AP, KUALA LUMPUR
A global rights group has urged Malaysia to stop harassing a news Web site after it put up a video of Muslim protesters stepping on a cow’s head during a protest against a planned Hindu temple.
The Aug. 28 protest raised ethnic tensions in Muslim-majority Malaysia, where about 8 percent of the country’s 28 million people are ethnic Indians. Most of the ethnic Indians are Hindus for whom cows are sacred animals.
Independent news Web site Malaysiakini was told to remove two videos, including one of the protest in Shah Alam, the capital of central Selangor state. The site has refused to remove them.
The clips are only accessible to Malaysiakini subscribers, with one of them showing protesters stepping and spitting on a severed cow head in front of the Selangor government’s headquarters, demanding that a Hindu temple not be built in their neighborhood.
The other video was of a subsequent news conference by Home Minister Hishammuddin Hussein, a Muslim, who appeared to defend the protesters.

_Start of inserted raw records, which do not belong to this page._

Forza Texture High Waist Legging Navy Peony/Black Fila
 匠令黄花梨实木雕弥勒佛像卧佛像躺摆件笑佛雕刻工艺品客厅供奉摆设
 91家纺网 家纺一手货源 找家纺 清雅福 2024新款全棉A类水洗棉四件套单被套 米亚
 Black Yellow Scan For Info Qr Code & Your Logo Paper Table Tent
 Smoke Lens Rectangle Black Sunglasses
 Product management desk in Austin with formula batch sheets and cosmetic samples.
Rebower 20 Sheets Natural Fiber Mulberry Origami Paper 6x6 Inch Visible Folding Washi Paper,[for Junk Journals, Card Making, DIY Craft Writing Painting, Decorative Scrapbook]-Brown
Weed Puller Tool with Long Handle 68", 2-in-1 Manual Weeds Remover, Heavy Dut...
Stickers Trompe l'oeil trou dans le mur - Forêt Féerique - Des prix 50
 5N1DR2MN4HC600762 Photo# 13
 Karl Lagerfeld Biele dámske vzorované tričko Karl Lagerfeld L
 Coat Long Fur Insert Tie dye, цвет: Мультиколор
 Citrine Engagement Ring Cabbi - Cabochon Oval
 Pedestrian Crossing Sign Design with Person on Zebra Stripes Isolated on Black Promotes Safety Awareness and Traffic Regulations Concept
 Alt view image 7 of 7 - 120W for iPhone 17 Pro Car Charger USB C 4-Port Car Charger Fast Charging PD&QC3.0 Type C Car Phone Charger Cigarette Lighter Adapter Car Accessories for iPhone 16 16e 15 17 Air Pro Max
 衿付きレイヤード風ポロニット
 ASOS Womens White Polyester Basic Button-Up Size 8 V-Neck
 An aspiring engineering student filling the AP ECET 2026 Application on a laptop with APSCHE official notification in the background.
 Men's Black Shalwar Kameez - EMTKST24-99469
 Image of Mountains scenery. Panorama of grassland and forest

In a statement received late on Tuesday, New York-based Human Rights Watch said the government should not tell Malaysiakini to remove the videos.
‘DISAPPEAR’
“The government wants to make the problem disappear by taking the videos off the Internet,” Elaine Pearson, deputy Asia director at Human Rights Watch, said in the statement.
In a Sept. 3 letter to Malaysiakini, the Communication and Multimedia Commission warned that the videos were against the law because they “contained offensive contents with intent to annoy any person, especially the Indians.”
The offense is punishable by up to a year in prison or up to 50,000 ringgit (US$14,400). Commission officials have also questioned Malaysiakini’s editors and staff and asked for the tapes.
Malaysiakini has refused to remove the videos, saying they merely record news events.
“The government’s investigation of Malaysiakini is nothing short of media harassment and it needs to stop ... Malaysians are entitled to know all sides of a story. It is not up to the government to approve what news is fit to air, print, or post,” Pearson said.
Twelve of the protesters have been charged with illegal assembly, and six of them also with sedition, defined as promoting ill will and hostility between different races.
It is punishable by up to three years in jail and a fine. Illegal assembly is punishable by one year in jail and a fine.
GOVERNMENT LINK
All mainstream media in Malaysia are linked to the government, which is dominated by Muslim Malays. They account for 60 percent of the population. Ethnic Chinese and Indians are the biggest minorities.
Malaysiakini and blogs offering anti-government commentary are not subject to censorship but some have faced court action for articles and comments deemed to be offensive.